The copy you give must match the records exactly, except that it holds no images.
** Listed entries follows **
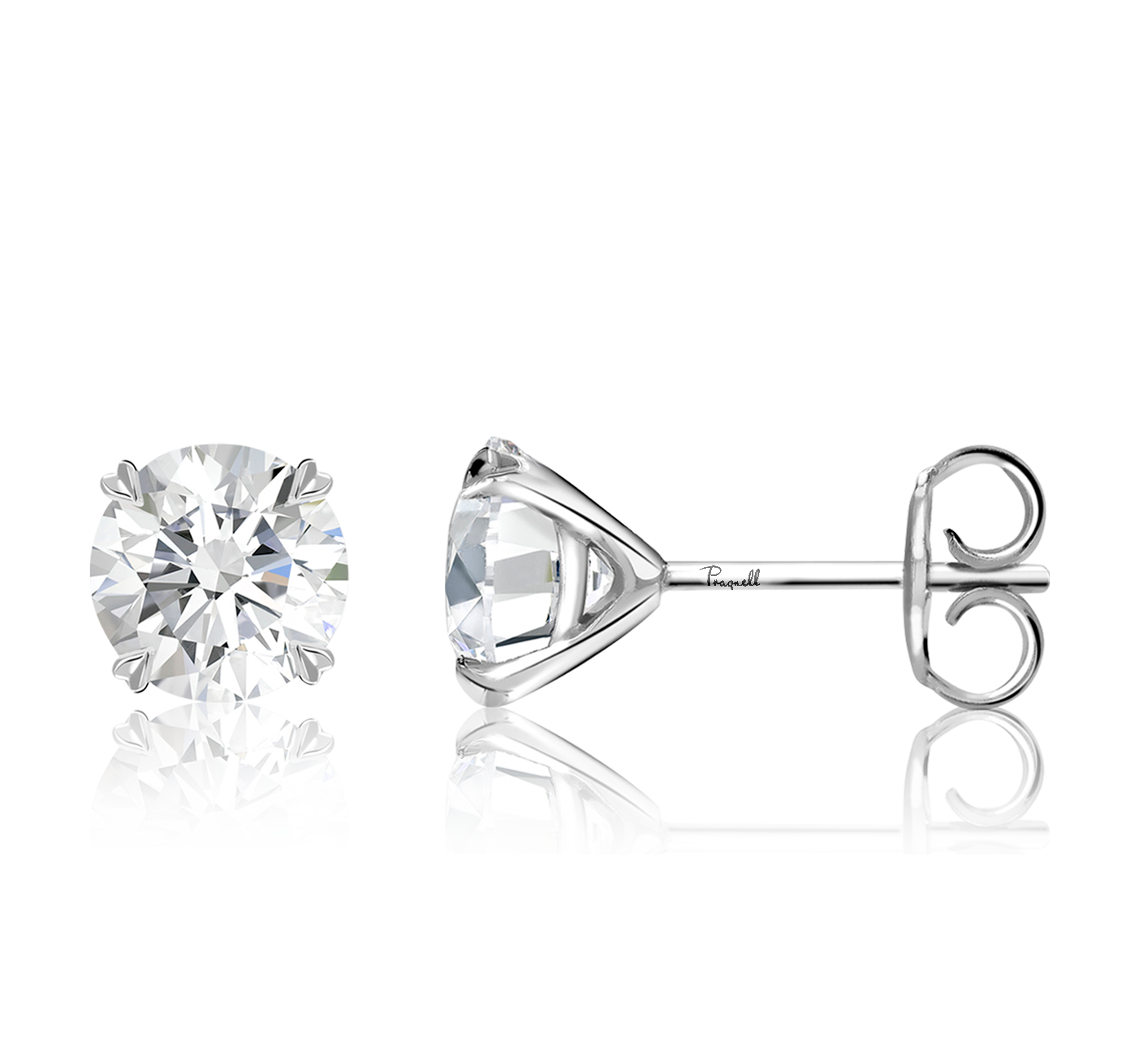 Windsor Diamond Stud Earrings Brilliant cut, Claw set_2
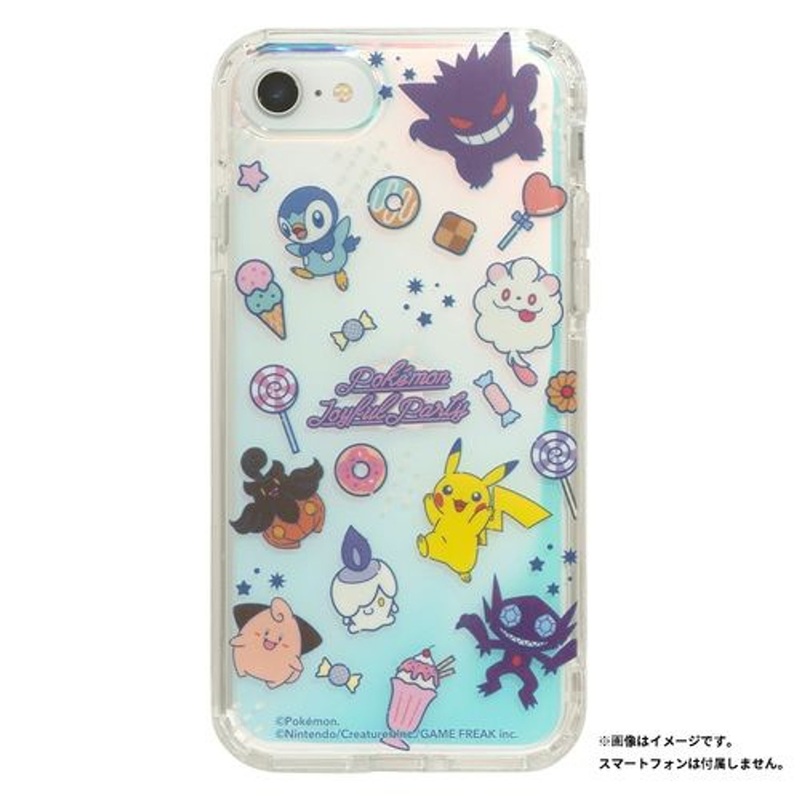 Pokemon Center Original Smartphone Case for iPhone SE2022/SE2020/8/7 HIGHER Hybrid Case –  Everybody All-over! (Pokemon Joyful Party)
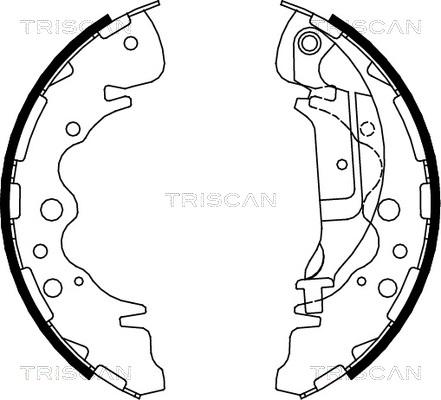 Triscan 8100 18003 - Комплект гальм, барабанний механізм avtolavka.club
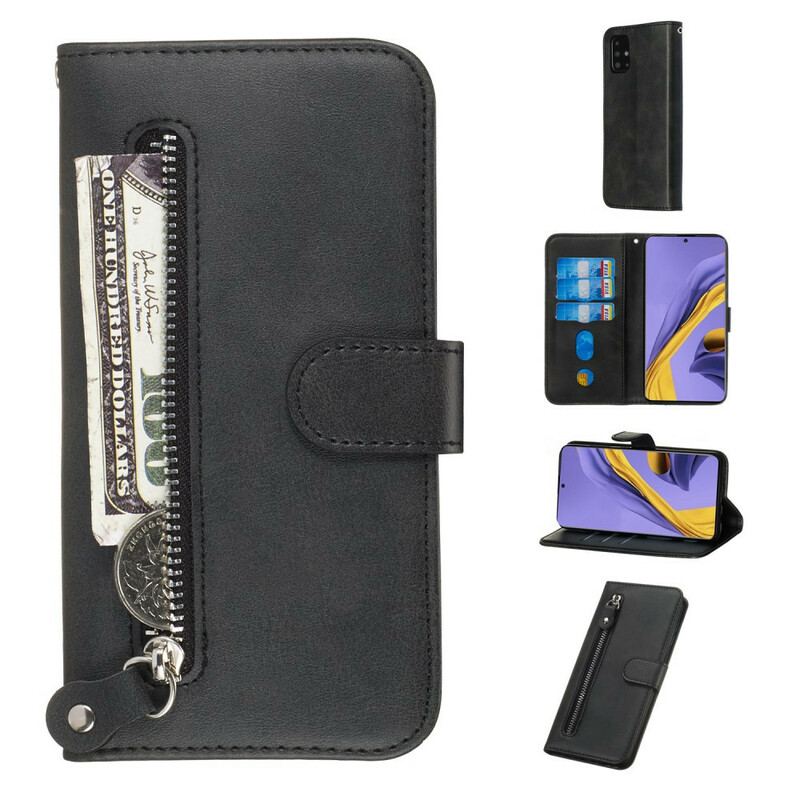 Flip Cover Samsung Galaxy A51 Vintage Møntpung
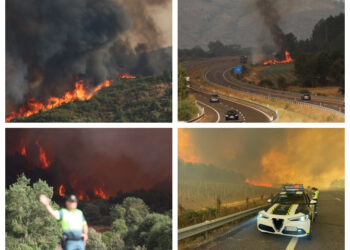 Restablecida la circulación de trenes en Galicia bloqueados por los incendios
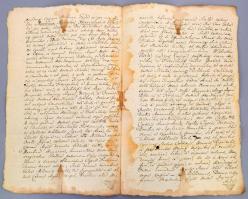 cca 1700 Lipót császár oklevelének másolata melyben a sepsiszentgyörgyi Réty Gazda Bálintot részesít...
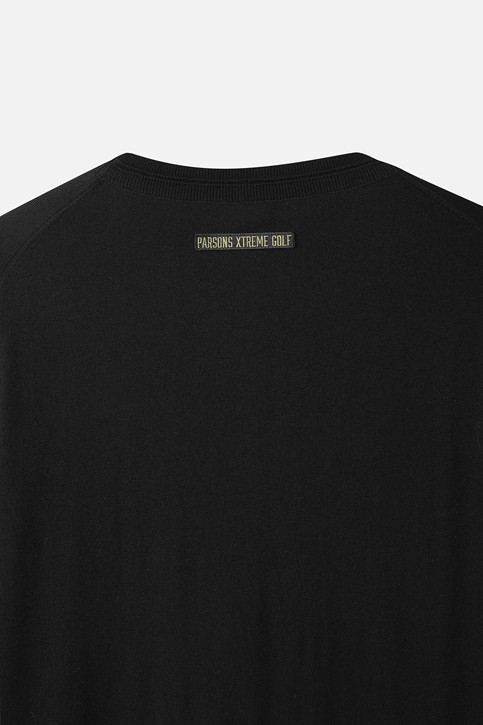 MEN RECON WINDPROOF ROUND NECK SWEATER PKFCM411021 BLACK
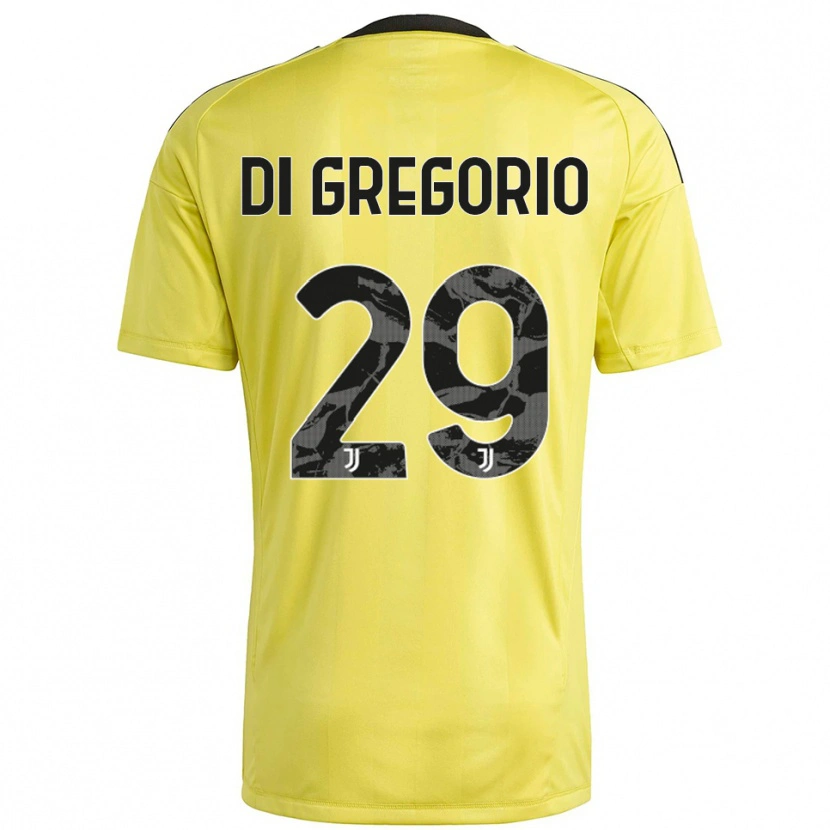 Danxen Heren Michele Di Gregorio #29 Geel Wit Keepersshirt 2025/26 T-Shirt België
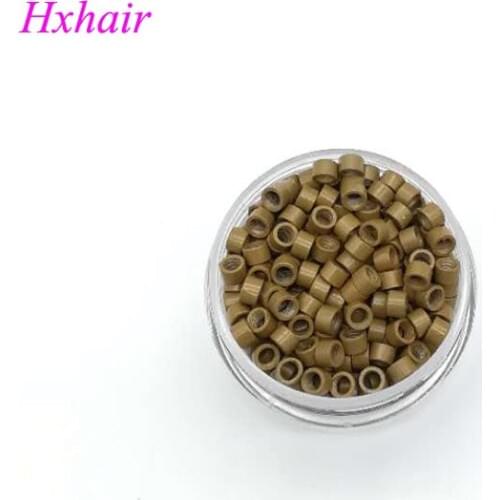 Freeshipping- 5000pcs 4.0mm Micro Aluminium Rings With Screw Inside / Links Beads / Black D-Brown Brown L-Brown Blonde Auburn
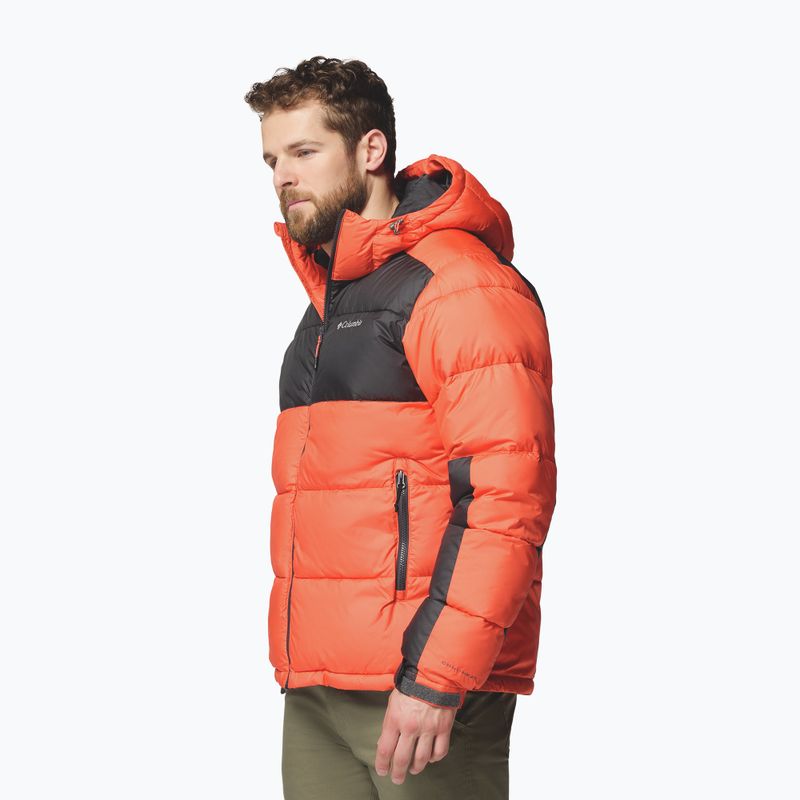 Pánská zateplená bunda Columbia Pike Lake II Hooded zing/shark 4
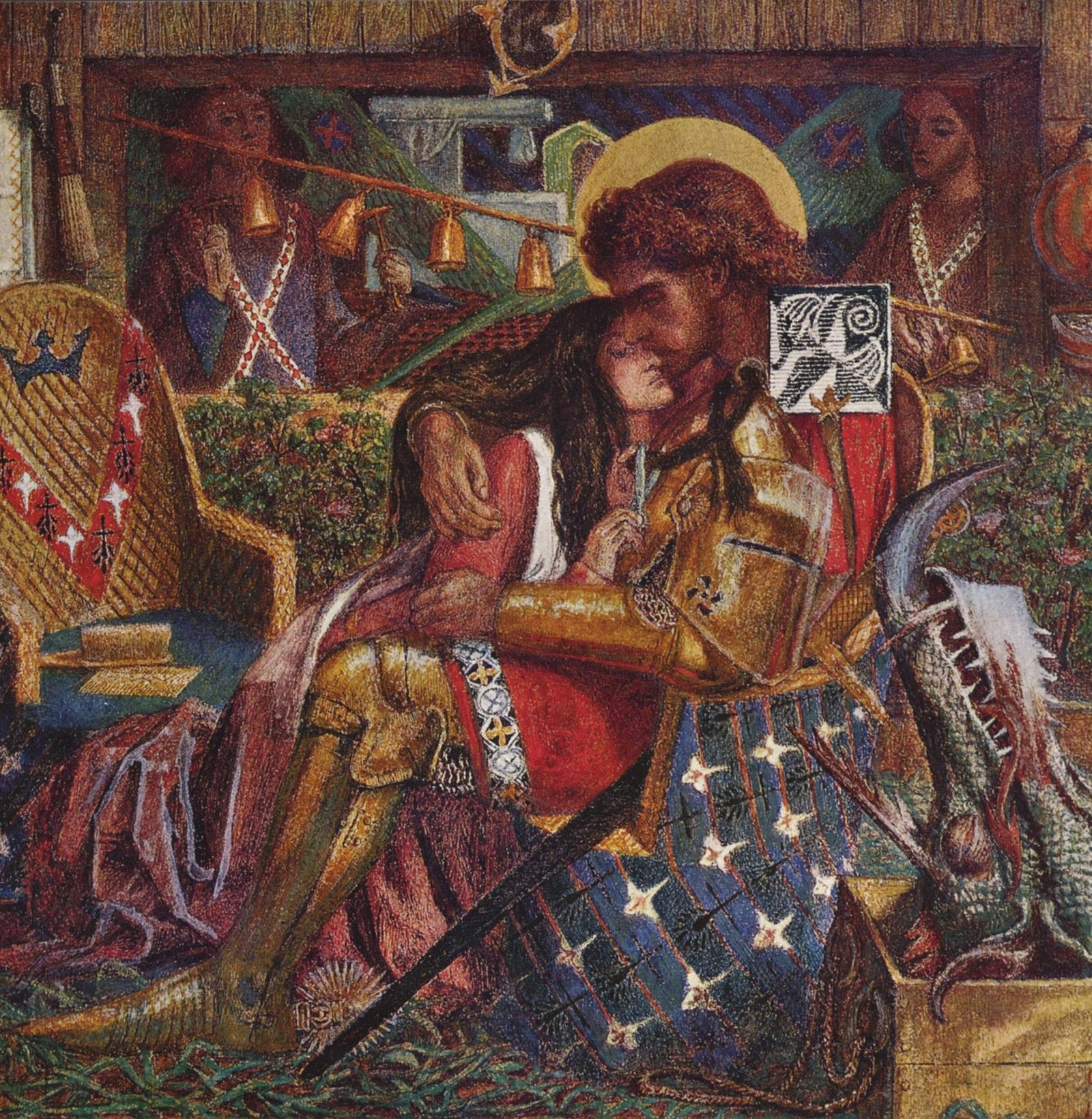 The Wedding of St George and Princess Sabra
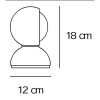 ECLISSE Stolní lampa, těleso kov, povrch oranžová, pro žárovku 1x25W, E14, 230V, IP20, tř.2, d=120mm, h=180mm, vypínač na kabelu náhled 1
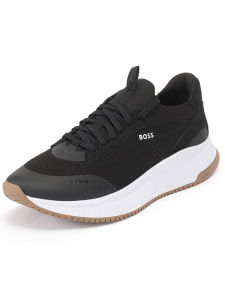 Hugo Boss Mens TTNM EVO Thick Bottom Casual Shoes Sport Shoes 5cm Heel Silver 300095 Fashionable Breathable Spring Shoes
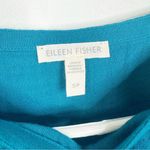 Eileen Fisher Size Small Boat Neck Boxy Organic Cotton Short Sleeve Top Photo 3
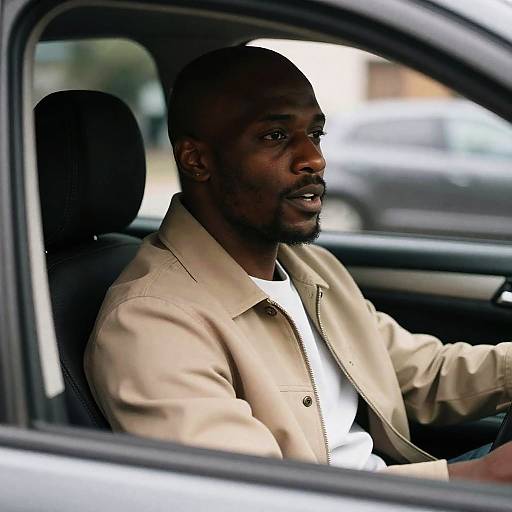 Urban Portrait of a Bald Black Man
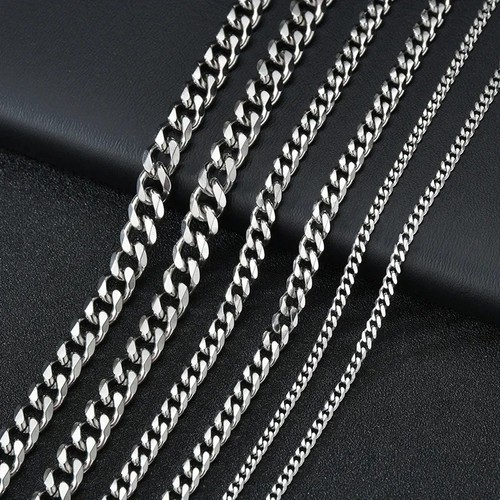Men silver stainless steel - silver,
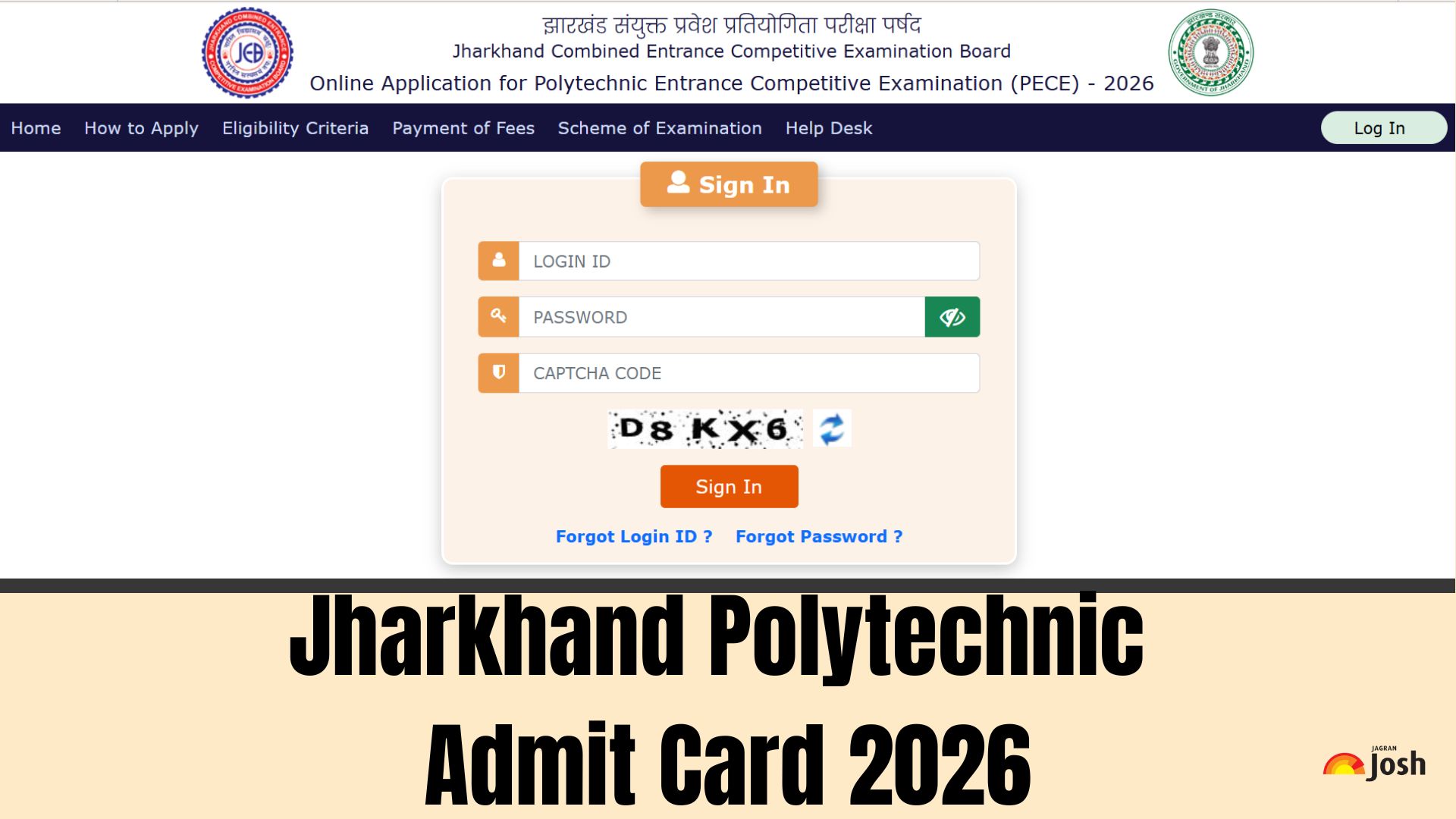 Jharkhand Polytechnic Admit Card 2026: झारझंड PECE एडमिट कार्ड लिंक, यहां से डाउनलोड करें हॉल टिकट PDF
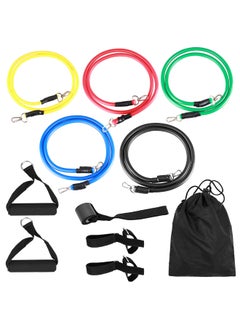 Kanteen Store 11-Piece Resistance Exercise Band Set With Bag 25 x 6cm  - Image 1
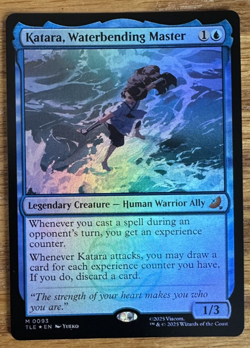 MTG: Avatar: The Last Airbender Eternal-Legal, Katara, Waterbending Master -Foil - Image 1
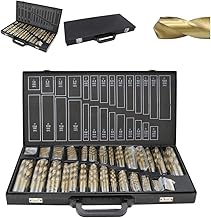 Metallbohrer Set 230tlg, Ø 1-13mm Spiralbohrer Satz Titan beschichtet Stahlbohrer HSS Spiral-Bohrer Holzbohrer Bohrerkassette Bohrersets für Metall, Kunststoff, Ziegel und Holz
** End of Listed entries **
_Exercise solution_:
 Windsor Diamond Stud Earrings Brilliant cut, Claw set_2
 Pokemon Center Original Smartphone Case for iPhone SE2022/SE2020/8/7 HIGHER Hybrid Case –  Everybody All-over! (Pokemon Joyful Party)
 Triscan 8100 18003 - Комплект гальм, барабанний механізм avtolavka.club
 Flip Cover Samsung Galaxy A51 Vintage Møntpung
 Restablecida la circulación de trenes en Galicia bloqueados por los incendios
 cca 1700 Lipót császár oklevelének másolata melyben a sepsiszentgyörgyi Réty Gazda Bálintot részesít...
 MEN RECON WINDPROOF ROUND NECK SWEATER PKFCM411021 BLACK
 Danxen Heren Michele Di Gregorio #29 Geel Wit Keepersshirt 2025/26 T-Shirt België
 Freeshipping- 5000pcs 4.0mm Micro Aluminium Rings With Screw Inside / Links Beads / Black D-Brown Brown L-Brown Blonde Auburn
 Pánská zateplená bunda Columbia Pike Lake II Hooded zing/shark 4
 The Wedding of St George and Princess Sabra
 ECLISSE Stolní lampa, těleso kov, povrch oranžová, pro žárovku 1x25W, E14, 230V, IP20, tř.2, d=120mm, h=180mm, vypínač na kabelu náhled 1
 Hugo Boss Mens TTNM EVO Thick Bottom Casual Shoes Sport Shoes 5cm Heel Silver 300095 Fashionable Breathable Spring Shoes
 Eileen Fisher Size Small Boat Neck Boxy Organic Cotton Short Sleeve Top Photo 3
 Urban Portrait of a Bald Black Man
Men silver stainless steel - silver,
 Jharkhand Polytechnic Admit Card 2026: झारझंड PECE एडमिट कार्ड लिंक, यहां से डाउनलोड करें हॉल टिकट PDF
 Kanteen Store 11-Piece Resistance Exercise Band Set With Bag 25 x 6cm  - Image 1
 MTG: Avatar: The Last Airbender Eternal-Legal, Katara, Waterbending Master -Foil - Image 1
 Metallbohrer Set 230tlg, Ø 1-13mm Spiralbohrer Satz Titan beschichtet Stahlbohrer HSS Spiral-Bohrer Holzbohrer Bohrerkassette Bohrersets für Metall, Kunststoff, Ziegel und Holz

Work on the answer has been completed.